Meeting your hiring goals this year will require (yes, require) you to recruit and engage with passive candidates. It’s no secret that the competition to hire the best developers is fierce, and a majority of developers already have jobs. This might make it seem intimidating to reach out to a programmer who isn’t actively looking for a new job, but here are a few statistics will give you the insights to know how to recruit passive candidates.
Sure, it bears repeating that most developers consider themselves gainfully employed. But that doesn’t mean they all love their current jobs. In fact, only 35% of developers say that they love their jobs, meaning the remaining 65% of them don’t necessarily enjoy what they do at work.
While you should still invest the time to research candidates and write personalized emails, you shouldn’t be afraid to reach out to a developer just because he or she is employed. Many of them might not jump at the opportunity to join your team right this second, but if you take a sincere interest in what they want, some of them might become applicants down the road.
Even programmers who are happy with their jobs can’t help being curious about other opportunities that might be available to them. In fact, a recent study by Indeed found that found that a 44% of professionals keep tabs on the job market by subscribing to automatic email alerts.
When your top developer candidates take the time to thumb through a few job listings, it’s up to you to make sure yours stands out.

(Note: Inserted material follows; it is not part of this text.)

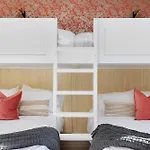 The Camellia & The Bluestem - Two Four Bedroom Homes Holiday home Nashville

If yours are bogged down by things like wordy requirements sections and bulleted lists, take an editor’s pen to them and make sure they show off what makes your company unique.
In a recent study, Corporate Responsibility Magazine found that most professionals are happy to explore employment opportunities with companies that have strong reputations. You might be thinking, “Of course a well-known organization can win a developer’s affection without much effort.”

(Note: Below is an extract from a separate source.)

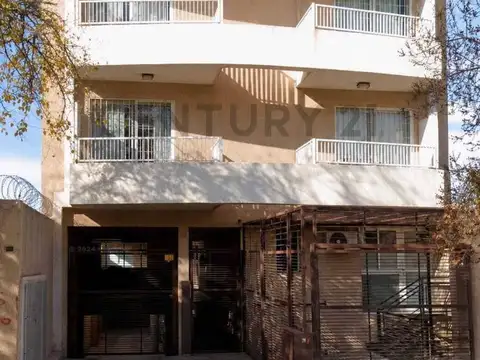 DEPARTAMENTO EN VENTA 5° SECCIÓN A METROS DE PARQUE SAN MARTÍN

But the truth is that companies at all stages can create employer brands that grab a developer’s attention. Recruitment materials that include a compelling mission statement, photos of your office, and a few thoughts from your engineering team about your work culture resonate with passive candidates who are interested in seeing what else might be out there for them.
With so much information available to candidates online, you should expect the most in-demand developers to do their homework before throwing their hat in the ring for any job. You’d probably get more excited about hiring programmers who are equally enthusiastic about the possibility of joining your company.

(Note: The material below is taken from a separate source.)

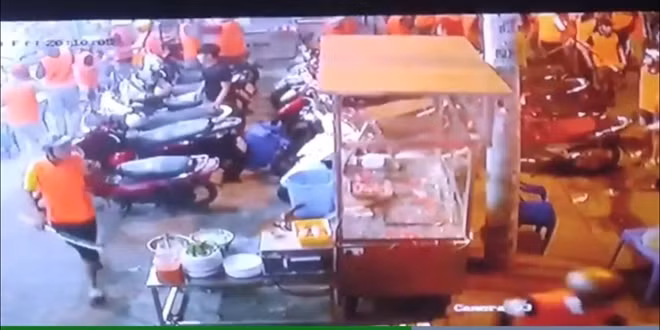 Nhóm này xông vào một quán ốc đập phá đánh người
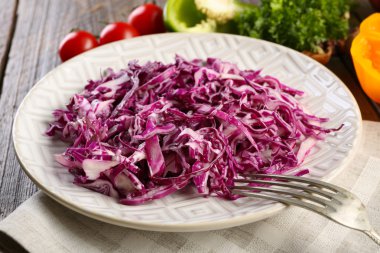 kırmızı lahana salatası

We’ve touched on the importance of creating employer branding materials that get developers’ attention, but recruiters who go out of their way to answer a passive candidate’s questions can set themselves apart from the competition. Whether that means hopping on a call to chat about the interview process or setting up some time for them to talk to one of your current developers, proactively supplementing a candidate’s research will show them that you have their interests in mind.